The Failure of Nonviolence (and why we must also struggle)



Drawing heavily on thinkers such as Ward Churchill and Errico Malatesta, this zine hopes to illustrate the bankruptcy of limiting struggle to purely nonviolent forms, how tenents of nonviolent thought has been detrimental to breaking with the prevailing order, and why struggle is needed to establish a peaceful society free of violence and exploitation. Download the free print version here

SEARCH ‘THE CRITIQUE of nonviolence’ on Google and your return will be a swag of articles affirming, rather than rejecting, the use of nonviolence as an effective means for social justice. Yet any examination of history (or even a quick look around us today) clearly illustrates the failure of nonviolence as the predominant form of social struggle towards radical, sweeping change. Unfortunately, as the above example shows, nonviolent forms of resistance has a hegemonic hold — peace marches, candle vigils, symbolic protest and ‘nonviolent’ direct action (a contradiction in terms?) are all accepted as the main outlets for dissent.
Drawing heavily on thinkers such as Ward Churchill and Errico Malatesta, this zine hopes to illustrate the bankruptcy of limiting struggle to purely nonviolent forms, how tenets of nonviolent thought have been detrimental to breaking with the prevailing order, and why armed struggle and violence will be a necessity in establishing a free and peaceful society.

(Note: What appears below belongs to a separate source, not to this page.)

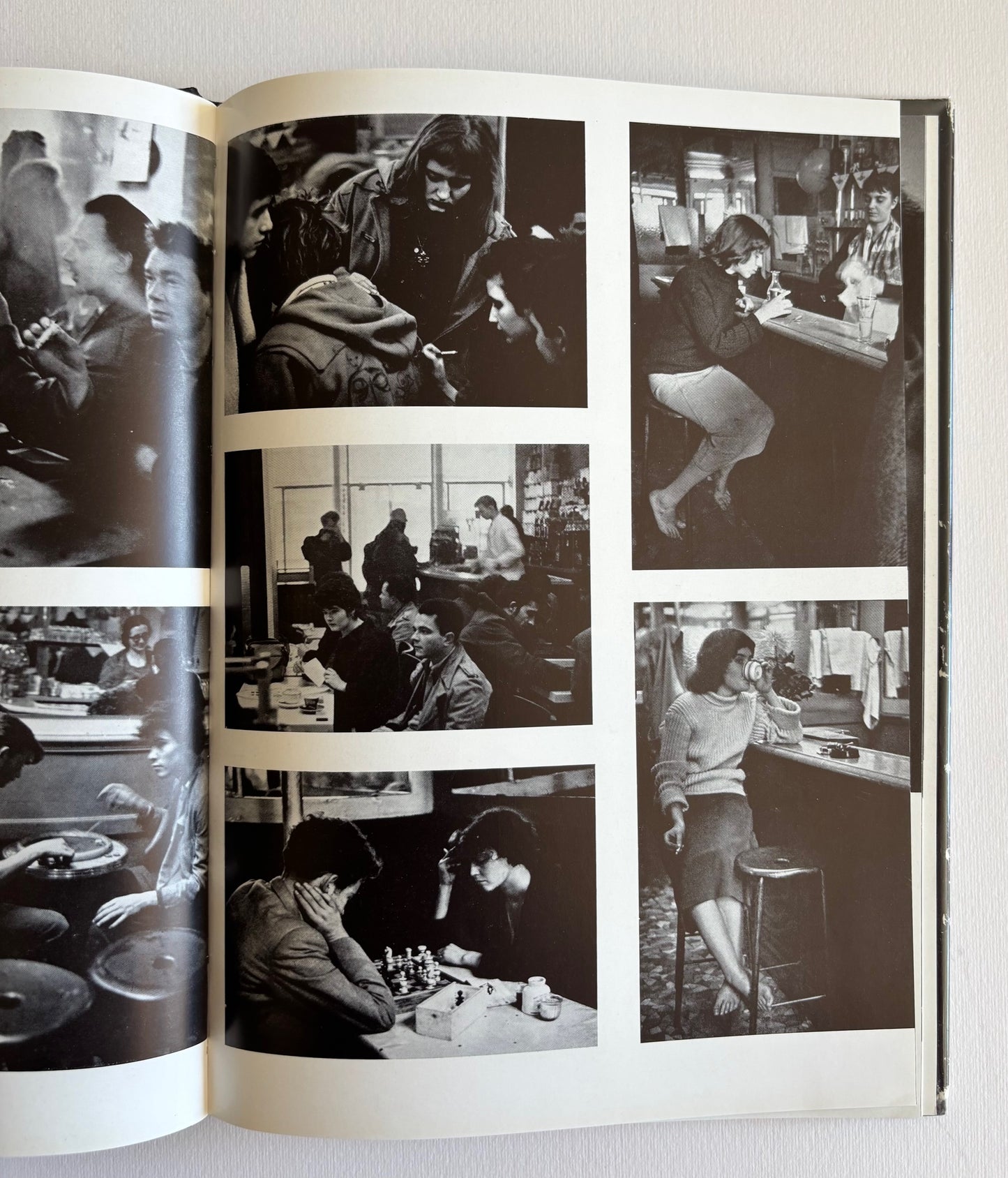 Een liefdesgeschiedenis in Saint Germain des Prés. Fotografie en tekst Ed van der Elsken.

“We are on principle opposed to violence and for this reason wish that the social struggle should be conducted as humanely as possible. But this does not mean that we would wish it to be less determined, less thorough; indeed we are of the opinion that in the long run half measures only indefinitely prolong the struggle, neutralising it as well as encouraging more of the kind of violence which one wishes to avoid” — Errico Malatesta

THIS IS NOT a critique of nonviolence per se, but the pacifist position which limits all forms of social struggle to purely nonviolent ones. I have personally experienced meetings with ‘pacifists’ who shout down or banter anyone who would dare to put forward even the slightest hint of ‘violent’ action. “Not only are pacifists of this sort unwilling to fight back — which of course is their prerogative — and not only are they unwilling to consider fighting back — which is still their prerogative — but far more harmfully they cannot allow anyone else to consider fighting back either.” Ignoring and rejecting a wide range of options for social struggle, they have no qualms about restricting others from those options as well.
By restraining themselves and others to a narrow band of ritualistic and symbolic forms of struggle, pacifists negate the potential flexibility in confronting the state. As Ward Churchill points out: “within this narrow band, actions become entirely predictable rather than offering the utility of surprise. The balance of physical power thus inevitably rests with the state on an essentially permanent basis, and the possibility of liberal social transformation is correspondingly diminished to a point of nonexistence.” This close-mindedness and intolerance for any tactics save their own is harmful in many ways. It decreases the possibility of effective synergy between various forms of resistance, it creates the illusion that we are really accomplishing something while the state continues to perpetuate violence, and it positively helps those in power.
Again, Churchill notes: “There is not a petition campaign that you can construct that is going to cause the power and the status quo to dissipate. There is not a legal action that you can take; you can’t go into the court of the conqueror and have the conqueror announce the conquest to be illegitimate and to be repealed; you cannot vote in an alternative, you cannot hold a prayer vigil, you cannot burn the right scented candle at the prayer vigil, you cannot have the right folk song, you cannot have the right fashion statement, you cannot adopt a different diet, build a better bike path. You have to say it squarely: the fact that this power, this force, this entity, this monstrosity called the state, maintains itself by physical force, and can be countered only in terms that it itself dictates and therefore understands.”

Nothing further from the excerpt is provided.